───── INFORMATION PROVIDED ─────

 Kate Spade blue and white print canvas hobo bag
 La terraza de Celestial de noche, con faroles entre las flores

─────
───── INFORMATION PROVIDED ─────

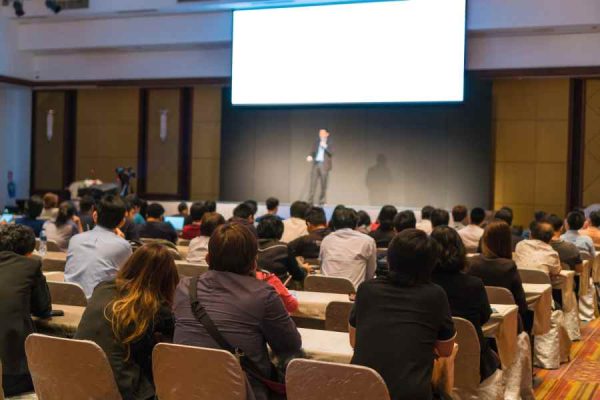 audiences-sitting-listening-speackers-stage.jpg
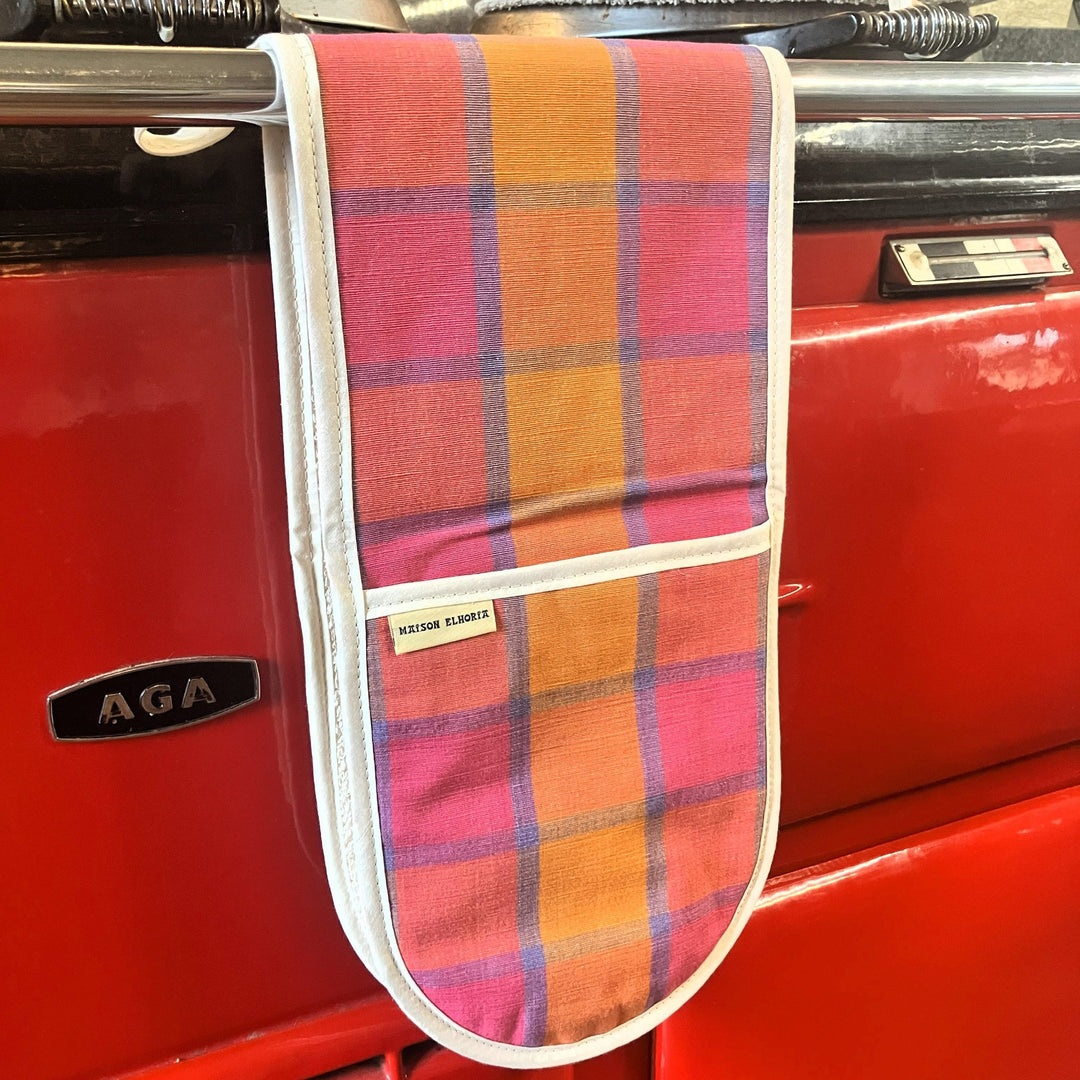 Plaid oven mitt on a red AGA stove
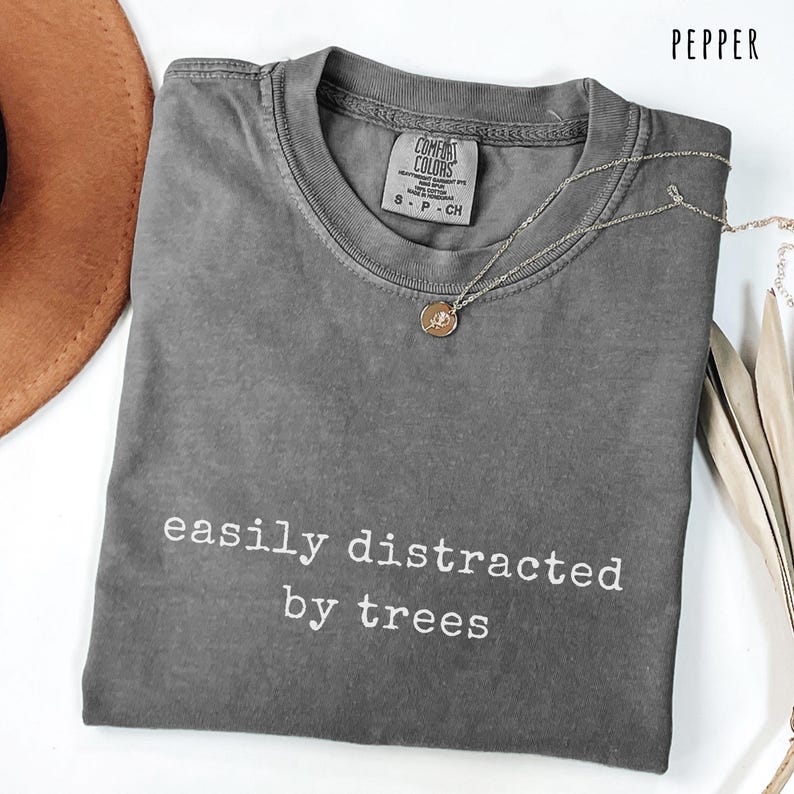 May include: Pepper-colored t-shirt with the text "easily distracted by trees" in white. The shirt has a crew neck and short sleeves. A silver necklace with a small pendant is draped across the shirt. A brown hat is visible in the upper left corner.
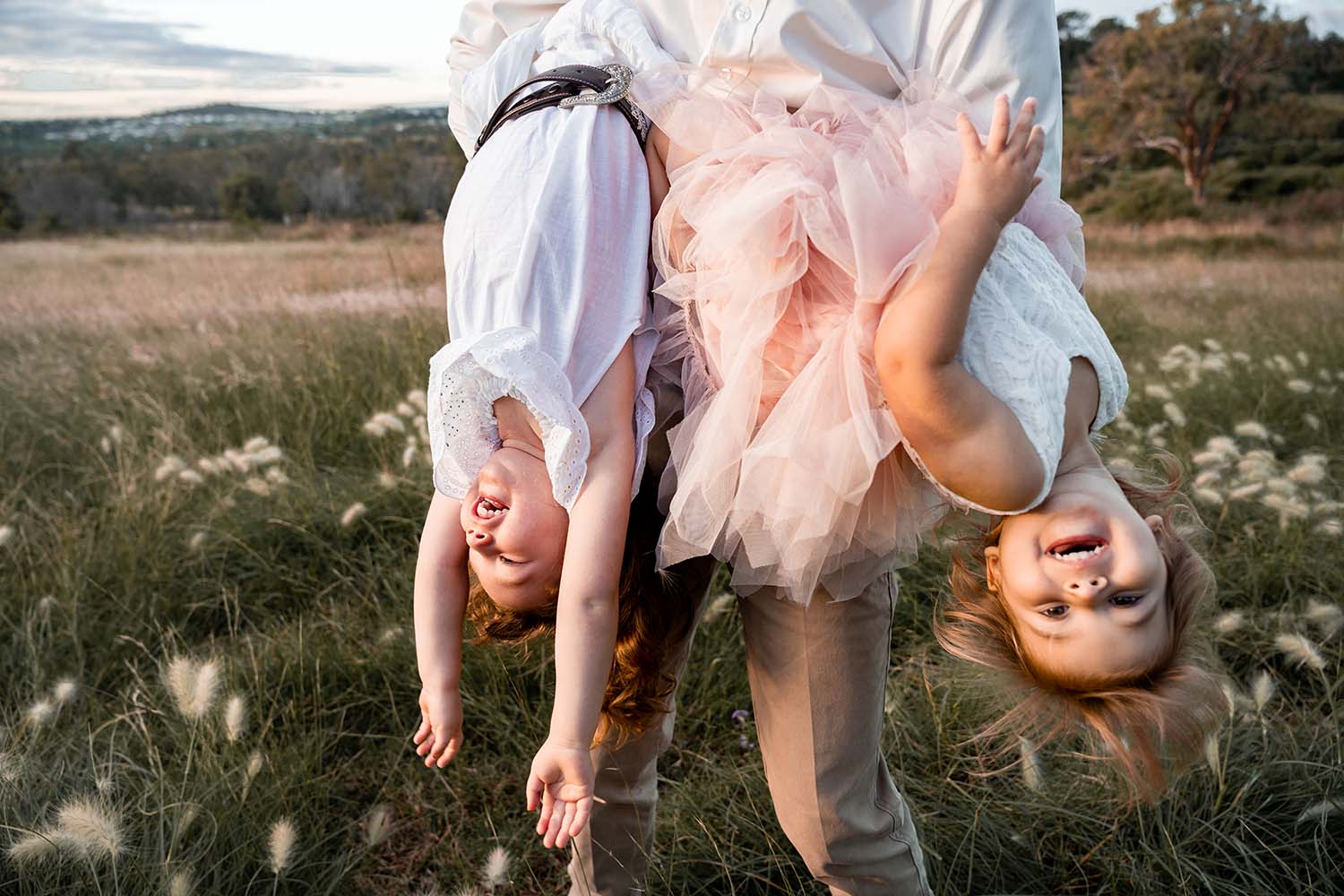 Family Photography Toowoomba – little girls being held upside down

─────
───── INFORMATION PROVIDED ─────

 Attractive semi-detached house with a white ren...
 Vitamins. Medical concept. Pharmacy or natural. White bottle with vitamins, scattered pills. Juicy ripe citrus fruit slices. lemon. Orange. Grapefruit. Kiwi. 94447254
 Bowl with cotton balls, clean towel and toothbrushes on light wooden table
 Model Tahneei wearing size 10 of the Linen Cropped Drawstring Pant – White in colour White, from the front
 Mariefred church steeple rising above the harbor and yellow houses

─────

**WHAT THE TASK ASKS**. From the records above, copy only the lines running from the line holding "audiences-sitting-listening-speackers-stage.jpg" through the line holding "Family Photography Toowoomba", with no pictures.

**RESPONSE BOX**.
 audiences-sitting-listening-speackers-stage.jpg
 Plaid oven mitt on a red AGA stove
 May include: Pepper-colored t-shirt with the text "easily distracted by trees" in white. The shirt has a crew neck and short sleeves. A silver necklace with a small pendant is draped across the shirt. A brown hat is visible in the upper left corner.
 Family Photography Toowoomba – little girls being held upside down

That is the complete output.